:: DATASET CONTENT ::
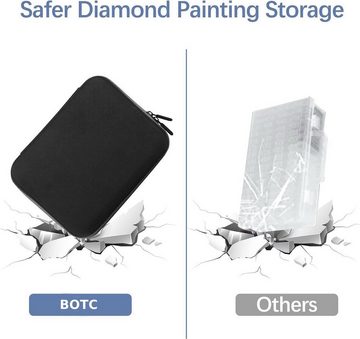 BOTC Kunstdruck Diamantmalerei Aufbewahrungsbox Sortierkoffer, 5D Diamond Painting Zubehör Boxen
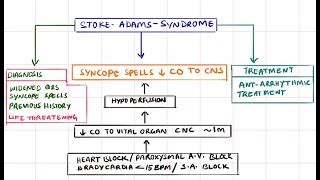 Stokes Adams Syndrome Pdf - Captions Pages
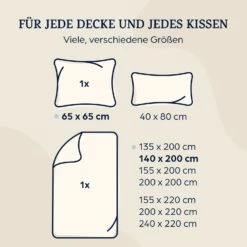 Soft Wonder-Edition Bettwäsche 140x200 Cm Mikrofaser 13 Soft Wonder-Edition Bettwäsche 140x200 Cm Mikrofaser -kitchentools Verkäufe 10039961 de 0007 logo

:: YOUR INSTRUCTIONS ::
Output the listing above in full, exactly. No images.

:: YOUR SOLUTION ::
 BOTC Kunstdruck Diamantmalerei Aufbewahrungsbox Sortierkoffer, 5D Diamond Painting Zubehör Boxen
 Stokes Adams Syndrome Pdf - Captions Pages
 Soft Wonder-Edition Bettwäsche 140x200 Cm Mikrofaser 13 Soft Wonder-Edition Bettwäsche 140x200 Cm Mikrofaser -kitchentools Verkäufe 10039961 de 0007 logo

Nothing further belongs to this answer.